For instance, I rest my pen on my ring finger with my index and middle fingers on top. Yet I’ve seen other artists rest the pen on their middle finger. I don’t think either is “right;” it’s just a matter of what feels comfortable to you.

The more important consideration is the nib’s orientation to the paper. In general, the pen should be angled at about 45 degrees. This will vary as you draw, but you should never hold the pen completely perpendicular to the page. Not only might the ink drip out, the tines of the nib are more likely to catch and send a spray of ink. Basically, if you rest your hand on the page, the angle from the height of your hand to the paper makes for a nice working position for the pen. I recommend having some kind of blotter or other piece of paper beneath your hand so that you don’t smudge your drawing or get your hand oils on the drawing paper.

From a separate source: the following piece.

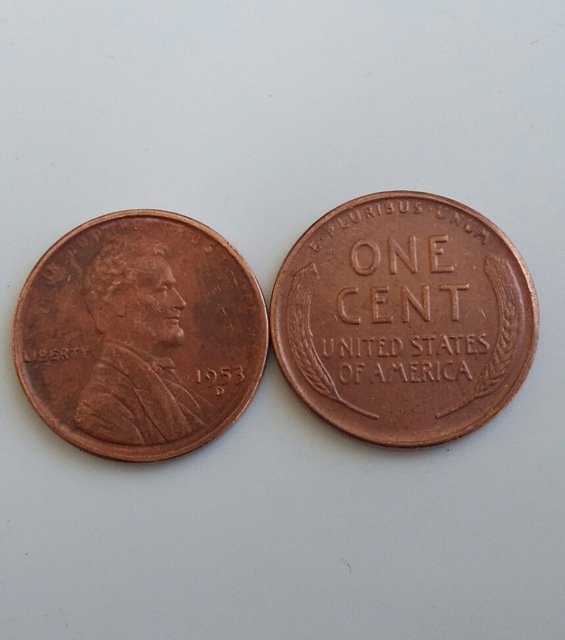 1 Pcs 1953d LINCOLN ONE CENTS COPY Coin
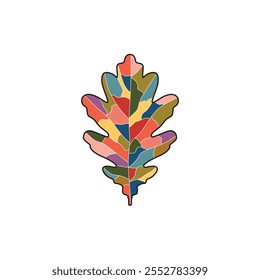 Hoja de otoño simple Vector de diseño plano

Also, the pen needs to be in a position that you can draw with it. And I mean draw in the sense of pulling. The nib is made to be pulled down the page in the opposite direction of the tip. Never push. Not only will you get ink splatters, but you may also ruin your nib. Some nibs can be moved sideways, creating very thin lines. But the drawing motion unlocks the full potential of the nib, allowing lines to swell from hairlines to broad strokes. Catherine Slade shows this in her Encyclopedia of Illustration Techniques:

All kinds of how-to videos exist on YouTube and they vary widely in quality. In one video, the artist Dan Nelson holds his nib completely upside down. This seems to work for him and it does allow him to get very thin lines. Still, it goes against the very intent of a nib’s design. If a nib is upside down, you can’t use pressure to vary the line. Basically, it would be like drawing with a rapidograph, which means you are depriving yourself of the expressiveness in your chosen tool.

Overall, there is a lot of variation out there in how artists hold their pens. What we are all looking for is that sweet spot where things feel comfortable but where we are also accessing the full potential of our instrument. And in the process, not developing bad habits that keep us from creating or even harming us in the long run.